Hao Junmin (; born 24 March 1987) is a Chinese professional footballer who plays for Chinese Super League club Guangzhou F.C. and the China national team.

Club career
Hao Junmin started his football career with Tianjin Teda when he made his debut for the club on 15 September 2004 in a 2–0 win against Liaoning Zhongyu. This was then followed by his first goal for the club on 28 November 2004 in a 5–1 win against Liaoning Zhongyu. He would establish himself as a regular for the club and aided them to a fourth-place finish in the 2005 season. This saw not only his importance towards the team but the following seasons would see him personally rise towards predominance when he would win the Chinese Football Association Young Player of the Year award in both 2006 and 2007. His talent would then start to shine when he aided Tianjin to finish high enough for them to qualify for the club's first ever AFC Champions League campaign during the 2008 season.

On 22 January 2010, Hao left Tianjin Teda to sign with Bundesliga side Schalke 04. He made his debut for the club on 6 March 2010 in a 4–1 win against Eintracht Frankfurt, becoming the first Chinese footballer to ever play for Schalke 04.
He was originally given the shirt number 7, but was asked to surrender it when Raúl was signed on 28 July 2010. Hao, being a longtime fan of the legendary Spanish striker, happily obliged and received the number 8 shirt instead.

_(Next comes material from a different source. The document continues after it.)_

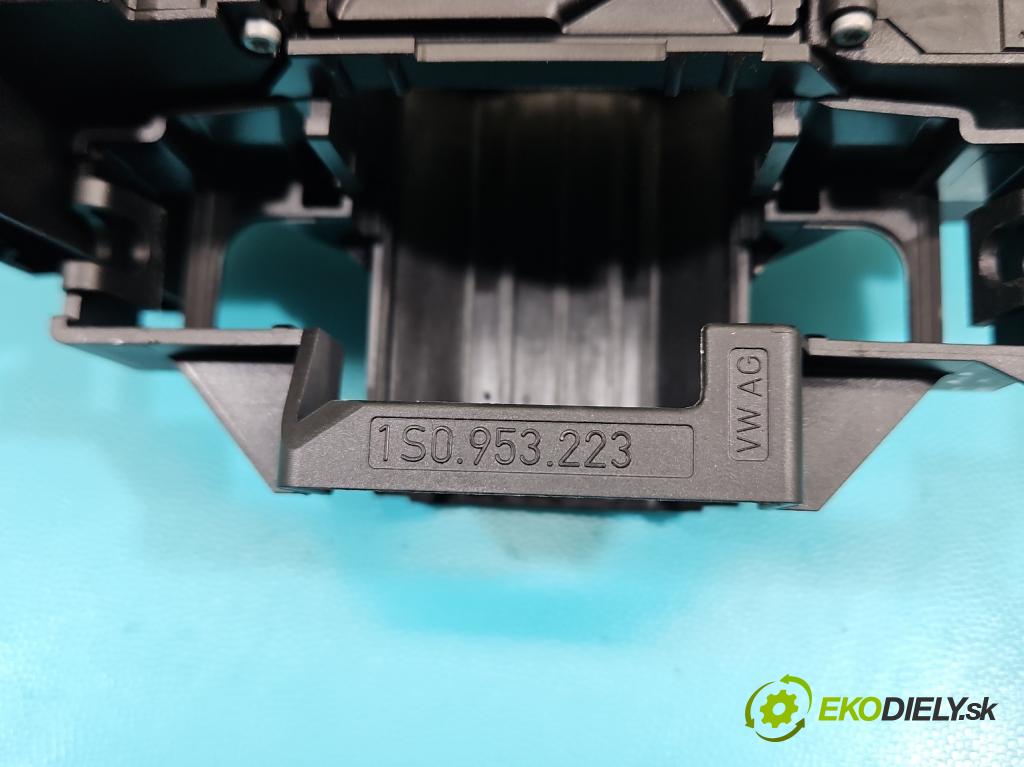 Skoda Citigo 2011-2019 1.0 MPI 75 HP manual 55 kW 999 cm3 3- prepínač komplex: 1S0953503AE (Prepínacie páčky pod volantom)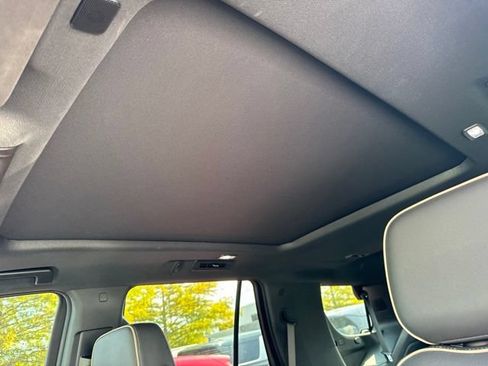 Used 2023 GMC Yukon SLT w/ SLT Luxury Package RWD image 9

On 8 July 2011, Hao transferred to Chinese Super League side Shandong Luneng even though he still had one year remaining on his contract with Schalke 04. Hao suffered an injury during preseason training and was out for the majority of the 2013 season. He made his first appearance of the season back from injury on 10 August 2013 in a 3–2 win against Shanghai Shenhua.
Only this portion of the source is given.